▸ **YOUR INSTRUCTIONS**
Where the line containing "Fieseler Fi 156C" appears, begin retyping; continue exactly through the final line of the data. Omit every picture.

▸ **STORED DATA**

■ ■ ■ ■

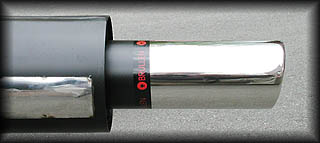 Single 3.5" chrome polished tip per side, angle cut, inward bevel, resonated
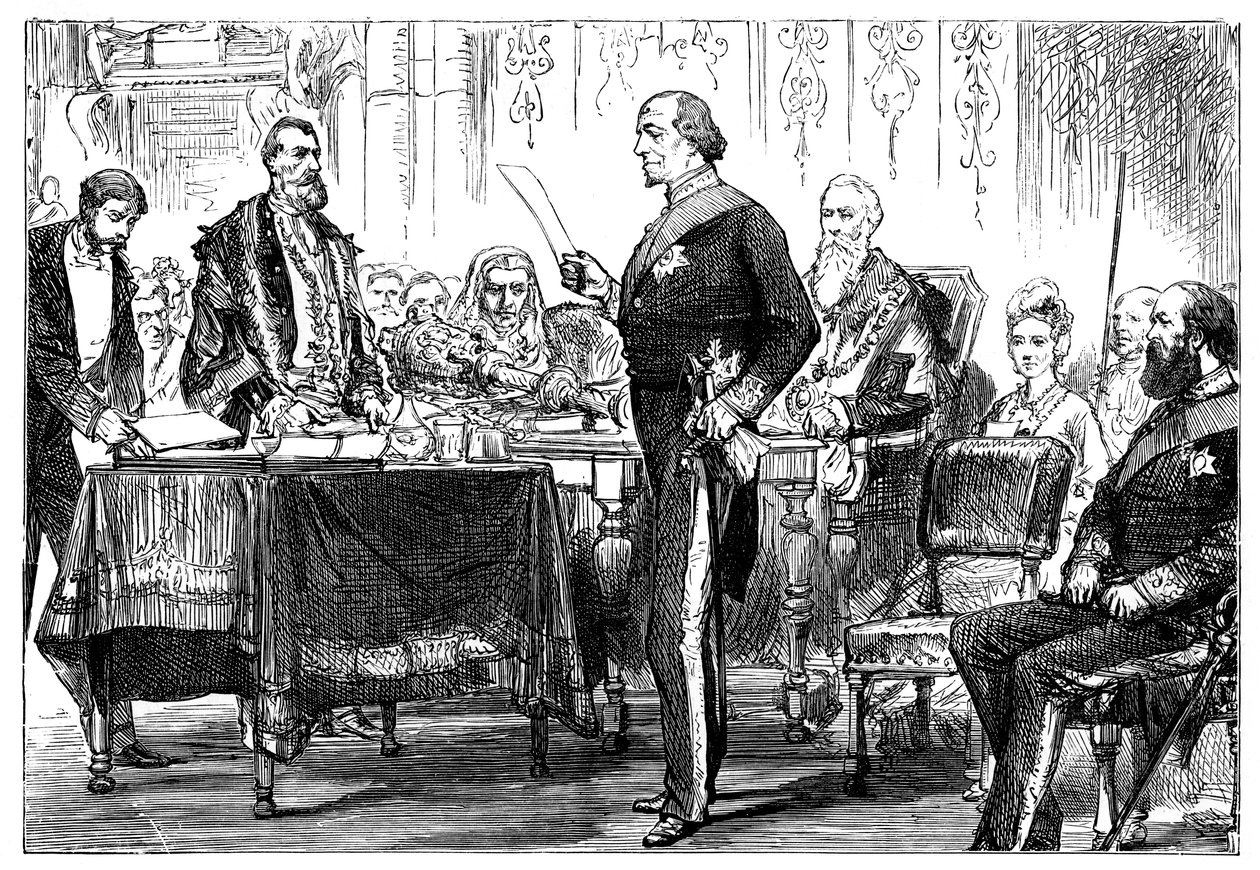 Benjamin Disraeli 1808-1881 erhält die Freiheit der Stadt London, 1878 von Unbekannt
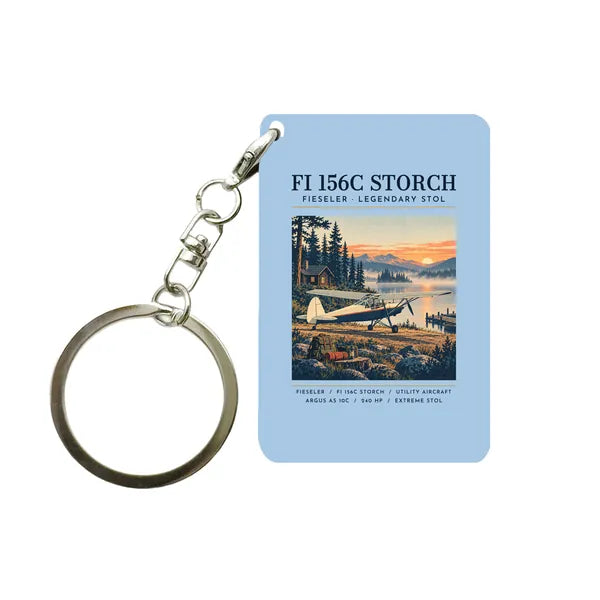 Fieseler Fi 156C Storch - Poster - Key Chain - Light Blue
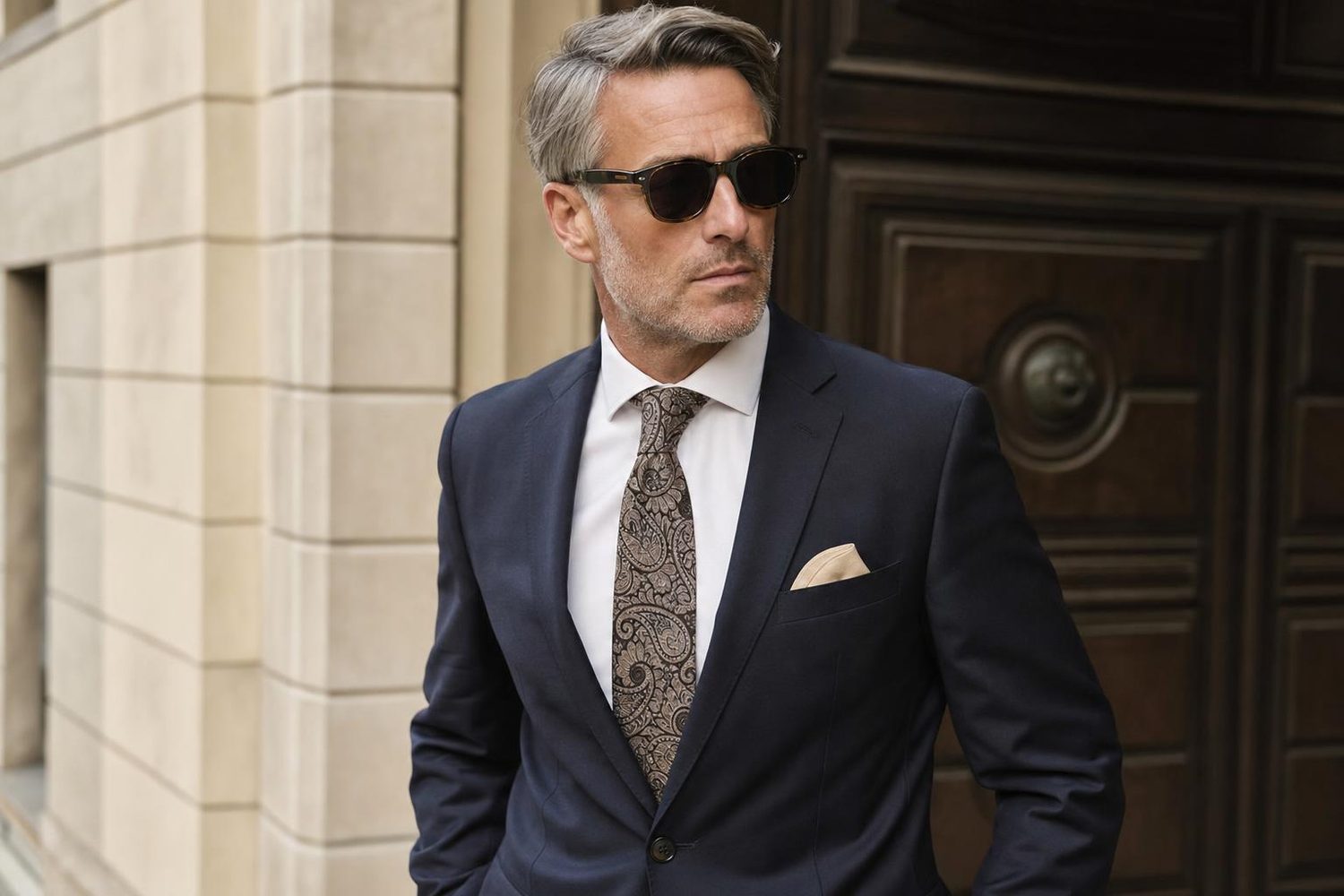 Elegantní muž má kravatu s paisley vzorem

■ ■ ■ ■

▸ **OUTPUT FOR THIS EXERCISE**
 Fieseler Fi 156C Storch - Poster - Key Chain - Light Blue
 Elegantní muž má kravatu s paisley vzorem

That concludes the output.